UCL researchers use AI to identify two forms of MS for the first time              

MRI Brain Scan. Doctor shows MRI Brain Scan of head and skull.
image: ©Makhbubakhon Ismatova | iStock

For the first time, UCL researchers have used AI to identify two biologically distinct forms of MS, supporting the potential for more personalised care and improved treatment decisions for patients worldwide

A study led by University College London has used artificial intelligence to reveal two biologically distinct forms of multiple sclerosis (MS). By combining routine MRI brain scans with a simple blood biomarker test, the team used a machine learning model to identify early‑sNfL and late‑sNfL MS subtypes, highlighting differences in disease progression that had previously been invisible.
Published in Brain, this research has the potential to transform diagnosis, enable more personalised treatments, and help clinicians better predict the disease course for people living with MS globally.
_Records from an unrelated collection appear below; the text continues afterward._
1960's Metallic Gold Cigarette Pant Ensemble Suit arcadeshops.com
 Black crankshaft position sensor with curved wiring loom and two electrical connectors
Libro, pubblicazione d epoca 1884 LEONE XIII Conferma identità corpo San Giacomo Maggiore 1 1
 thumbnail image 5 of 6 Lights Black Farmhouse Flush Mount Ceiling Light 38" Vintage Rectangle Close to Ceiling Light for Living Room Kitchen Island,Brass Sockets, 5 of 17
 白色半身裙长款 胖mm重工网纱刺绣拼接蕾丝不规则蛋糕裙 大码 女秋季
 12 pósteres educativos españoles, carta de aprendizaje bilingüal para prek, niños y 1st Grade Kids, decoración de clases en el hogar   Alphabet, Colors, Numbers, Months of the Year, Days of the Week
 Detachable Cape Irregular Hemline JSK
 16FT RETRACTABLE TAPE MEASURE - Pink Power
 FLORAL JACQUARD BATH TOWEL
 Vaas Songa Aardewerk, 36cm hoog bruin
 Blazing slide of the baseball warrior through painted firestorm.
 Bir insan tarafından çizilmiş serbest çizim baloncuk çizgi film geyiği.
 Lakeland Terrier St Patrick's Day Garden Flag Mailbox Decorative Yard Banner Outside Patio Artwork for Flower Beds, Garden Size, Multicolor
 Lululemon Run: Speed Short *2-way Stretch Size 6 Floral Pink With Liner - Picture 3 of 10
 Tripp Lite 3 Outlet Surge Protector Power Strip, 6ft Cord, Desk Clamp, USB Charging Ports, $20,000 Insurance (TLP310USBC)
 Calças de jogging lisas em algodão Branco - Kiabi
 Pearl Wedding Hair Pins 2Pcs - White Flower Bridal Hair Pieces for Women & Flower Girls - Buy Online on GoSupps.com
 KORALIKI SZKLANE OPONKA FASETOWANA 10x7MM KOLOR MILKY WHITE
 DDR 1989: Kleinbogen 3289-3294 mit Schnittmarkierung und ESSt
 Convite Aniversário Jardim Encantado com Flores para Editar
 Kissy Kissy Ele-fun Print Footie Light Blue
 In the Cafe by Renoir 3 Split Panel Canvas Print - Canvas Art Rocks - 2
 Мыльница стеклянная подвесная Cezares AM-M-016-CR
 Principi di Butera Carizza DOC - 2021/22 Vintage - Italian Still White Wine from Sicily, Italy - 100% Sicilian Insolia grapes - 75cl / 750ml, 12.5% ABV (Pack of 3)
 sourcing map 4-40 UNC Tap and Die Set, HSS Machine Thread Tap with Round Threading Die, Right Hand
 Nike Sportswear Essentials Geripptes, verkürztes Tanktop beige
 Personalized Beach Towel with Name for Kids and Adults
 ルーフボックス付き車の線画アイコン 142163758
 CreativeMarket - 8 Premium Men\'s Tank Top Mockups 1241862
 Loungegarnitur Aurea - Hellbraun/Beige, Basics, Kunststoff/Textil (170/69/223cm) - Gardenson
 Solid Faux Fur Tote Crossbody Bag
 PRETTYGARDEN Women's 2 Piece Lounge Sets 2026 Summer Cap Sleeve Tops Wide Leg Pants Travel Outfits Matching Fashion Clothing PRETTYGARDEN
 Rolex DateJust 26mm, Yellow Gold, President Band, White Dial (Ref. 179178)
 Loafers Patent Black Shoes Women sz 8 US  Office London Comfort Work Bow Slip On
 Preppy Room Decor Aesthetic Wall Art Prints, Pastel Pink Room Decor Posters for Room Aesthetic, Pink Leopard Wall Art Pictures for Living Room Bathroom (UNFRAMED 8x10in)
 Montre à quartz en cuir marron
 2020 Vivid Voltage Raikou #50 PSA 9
Rethinking MS subtypes: Why biology matters

The researchers used data from 634 participants across two clinical trial groups, revealing two distinct forms of MS:
  • Early-sNfL: These patients had elevated sNfL levels early in the disease, along with visible corpus callosum damage. They also developed brain lesions (damaged areas) quickly. This type appears to be more aggressive and active.
  • Late-sNfL: These patients showed brain shrinkage in areas such as the limbic cortex and deep grey matter before sNfL levels rose (so the disease had progressed much further). This type seems slower, with overt damage occurring later.
This approach may help doctors more accurately identify which patients are at higher risk of developing new brain lesions.
Lead author of the study, Dr Arman Eshaghi (UCL Queen Square Institute of Neurology and UCL Hawkes Institute in UCL Computer Science) said: “MS is not one disease and current subtypes fail to describe the underlying tissue changes, which we need to know to treat it.
“By using an AI model combined with a highly available blood marker with MRI, we have been able to show two clear biological patterns of MS for the first time. This will help clinicians understand where a person sits on the disease pathway and who may need closer monitoring or earlier, targeted treatment.”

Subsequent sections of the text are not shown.